The law was intended to ensure fairness in educational opportunity, including for disadvantaged children, but education officials – including ones in Haines – say its standards are rigid and unrealistic. The federal law carried penalties, including possible loss of funding.

The waiver, secured by state officials from the U.S. Department of Education, exempts the state from Adequate Yearly Progress standards, allowing the state to develop its own accountability program.

Testing showed Haines students with disabilities failed to meet the law’s “annual measurable objectives” in math and reading until 2011. The district met those objectives in recent years, with improvements that won the district a statewide award.

But under the federal law, the annual objectives rise each year. In the coming year, students were expected to be 92 percent proficient in math and English starting in third grade.

“When they started in 2002, the idea was to have every child achieving at a proficient level or higher in reading, math and science by 2014. Every year, the bar got higher. In Alaska, the (required improvement) was small over the first few years, but as it approached 2014, it went up dramatically,” said superintendent Michael Byer.
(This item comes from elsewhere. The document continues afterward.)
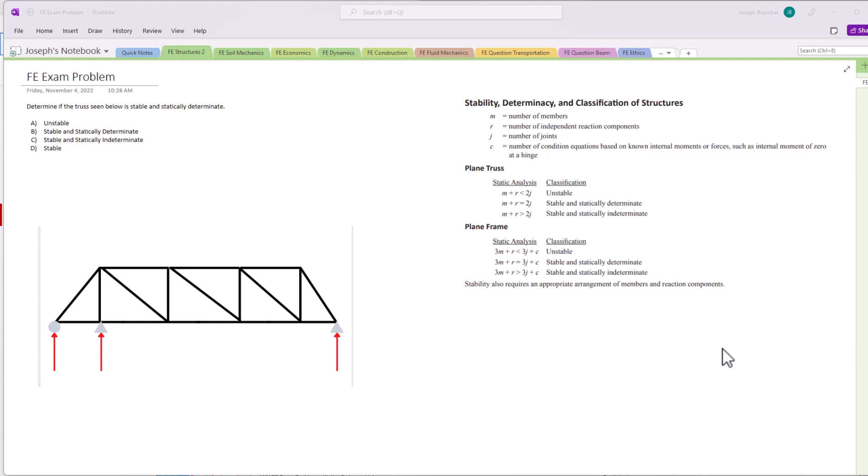We have a truss and we need to determine if the truss seen below is stable and whether it's statically determinate or not. So we have four options: unstable, stable and statically determinate, stable and statically indeterminate, or stable. So we're determining its stability and determinability essentially.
“It didn’t matter what kind of school you were, or where you started. If you got up against some kind of intractable problem, you were stuck,” Byer said.

Some districts improved with the increased standards, but more fell behind, Byer said.

The change doesn’t mean the district won’t be held to standards. “The growth model will put on some heat. There will be heat, I think. The era of accountability is not over.”

Instead of federal standards, the state will look at schools independently and provide targets for growth, Byer said. Among the changes will be teacher evaluations weighed at least 20 percent by measures of student growth, he said.

The district will still do testing to measure student achievement, Byer said. “They’re looking at coming up with another test that will rank students against where they should be in relation to their grade level. It’s better at showing growth. There will probably be a restructuring of test methods in the state, but that’s still to be done.”

The district will begin fashioning its own teacher evaluation model in the coming year, possibly incorporating one already chosen by Skagway, Byer said.